HONG KONG - Hong Kong protesters are planning a fresh show of force Friday evening after talks with the government dramatically collapsed and US lawmakers urged President Barack Obama to press concerns about the city's democracy fight with Beijing.
Crunch talks between protesters and Beijing-backed city officials were planned for Friday afternoon, but fell apart late Thursday after the government pulled out blaming student leaders for threatening to escalate demonstrations if their demands were not met.
The decision deepened the ongoing political crisis in the Asian financial hub, with no end now in sight to mass rallies that have paralysed parts of the city for nearly two weeks.
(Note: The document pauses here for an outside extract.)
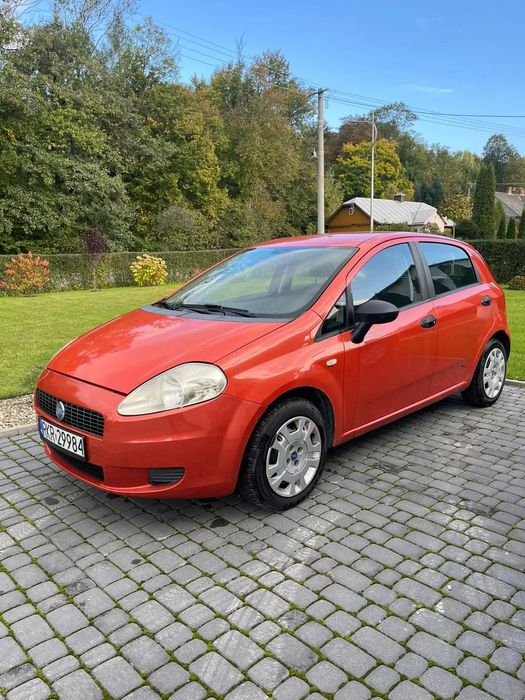 Fiat Grande Punto 164 000km, 2006 rok, 1.2 benzyna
Demonstrators are calling for Beijing to grant the former British colony full democracy and for the city's Chief Executive Leung Chun-ying to resign.
Under plans unveiled by China in August, Hong Kongers will be able to vote for Leung's successor in 2017, but only two to three vetted candidates will be allowed to stand -- something detractors have dismissed as a "fake democracy".
Although protester numbers have dwindled in recent days, the collapse of the talks has spurred pro-democracy activists to push for new mass rallies over the weekend, with thousands expected to gather at 7.30 pm (1130 GMT) Friday outside the city's government headquarters.
The call came as protesters won powerful US backing overnight in a damning annual report from legislators condemning China's human rights record and making a highly-critical and unusual rebuke over Hong Kong.
"Hong Kong... has suffered a major setback to its democratic development after China all but ruled out a fair election for Hong Kong's chief executive in 2017," said Senator Sherrod Brown, chairman of the Congressional-Executive Commission on China.
Obama, Brown added, should press Chinese President Xi Jinping directly on "issues like Hong Kong" when the leaders of the world's two major economies meet next month in Beijing.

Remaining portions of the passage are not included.